Scraped caption text data:

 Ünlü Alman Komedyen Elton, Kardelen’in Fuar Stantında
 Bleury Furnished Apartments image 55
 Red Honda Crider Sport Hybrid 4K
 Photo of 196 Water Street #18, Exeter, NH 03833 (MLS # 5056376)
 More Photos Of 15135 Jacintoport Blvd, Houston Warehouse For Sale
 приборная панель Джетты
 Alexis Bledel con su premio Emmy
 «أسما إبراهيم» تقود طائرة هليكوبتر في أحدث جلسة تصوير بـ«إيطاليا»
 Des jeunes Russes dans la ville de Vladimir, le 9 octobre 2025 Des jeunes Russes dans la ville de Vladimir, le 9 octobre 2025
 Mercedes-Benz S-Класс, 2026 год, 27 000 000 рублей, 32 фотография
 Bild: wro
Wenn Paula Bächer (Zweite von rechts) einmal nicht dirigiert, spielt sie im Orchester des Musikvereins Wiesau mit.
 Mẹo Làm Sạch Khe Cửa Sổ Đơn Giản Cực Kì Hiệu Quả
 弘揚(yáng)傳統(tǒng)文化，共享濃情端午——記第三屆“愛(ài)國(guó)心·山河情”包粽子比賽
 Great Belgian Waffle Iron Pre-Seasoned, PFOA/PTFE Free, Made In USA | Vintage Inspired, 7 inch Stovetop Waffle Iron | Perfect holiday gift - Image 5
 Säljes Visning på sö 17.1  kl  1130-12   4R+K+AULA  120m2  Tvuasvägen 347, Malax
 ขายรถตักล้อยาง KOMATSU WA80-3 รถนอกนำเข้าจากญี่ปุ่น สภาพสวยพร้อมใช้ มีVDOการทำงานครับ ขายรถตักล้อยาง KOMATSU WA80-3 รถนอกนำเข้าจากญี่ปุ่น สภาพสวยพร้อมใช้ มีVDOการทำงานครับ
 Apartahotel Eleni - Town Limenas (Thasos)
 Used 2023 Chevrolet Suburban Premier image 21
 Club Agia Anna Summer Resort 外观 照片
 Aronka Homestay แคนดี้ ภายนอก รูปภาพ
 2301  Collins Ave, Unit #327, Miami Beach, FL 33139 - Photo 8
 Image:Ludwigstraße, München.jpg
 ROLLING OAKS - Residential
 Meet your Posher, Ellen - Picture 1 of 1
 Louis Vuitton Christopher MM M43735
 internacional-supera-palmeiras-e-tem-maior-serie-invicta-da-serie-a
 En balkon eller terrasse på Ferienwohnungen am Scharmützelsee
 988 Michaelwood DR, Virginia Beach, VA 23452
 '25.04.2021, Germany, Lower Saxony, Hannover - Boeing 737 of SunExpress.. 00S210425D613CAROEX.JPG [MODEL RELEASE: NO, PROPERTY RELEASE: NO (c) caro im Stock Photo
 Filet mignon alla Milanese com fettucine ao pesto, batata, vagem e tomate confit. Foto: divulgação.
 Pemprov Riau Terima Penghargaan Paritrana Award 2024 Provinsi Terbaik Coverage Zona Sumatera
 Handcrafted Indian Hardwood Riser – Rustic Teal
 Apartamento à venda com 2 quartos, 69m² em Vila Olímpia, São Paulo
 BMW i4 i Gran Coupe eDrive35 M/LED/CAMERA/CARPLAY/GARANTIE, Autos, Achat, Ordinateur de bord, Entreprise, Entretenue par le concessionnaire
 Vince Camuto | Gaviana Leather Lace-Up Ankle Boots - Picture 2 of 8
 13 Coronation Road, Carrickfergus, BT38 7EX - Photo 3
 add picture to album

# What is expected
Take the lines from the top of the data through the one that contains "تقود طائرة هليكوبتر" and copy them exactly, leaving out every line after it.

# Solution to the problem
 Ünlü Alman Komedyen Elton, Kardelen’in Fuar Stantında
 Bleury Furnished Apartments image 55
 Red Honda Crider Sport Hybrid 4K
 Photo of 196 Water Street #18, Exeter, NH 03833 (MLS # 5056376)
 More Photos Of 15135 Jacintoport Blvd, Houston Warehouse For Sale
 приборная панель Джетты
 Alexis Bledel con su premio Emmy
 «أسما إبراهيم» تقود طائرة هليكوبتر في أحدث جلسة تصوير بـ«إيطاليا»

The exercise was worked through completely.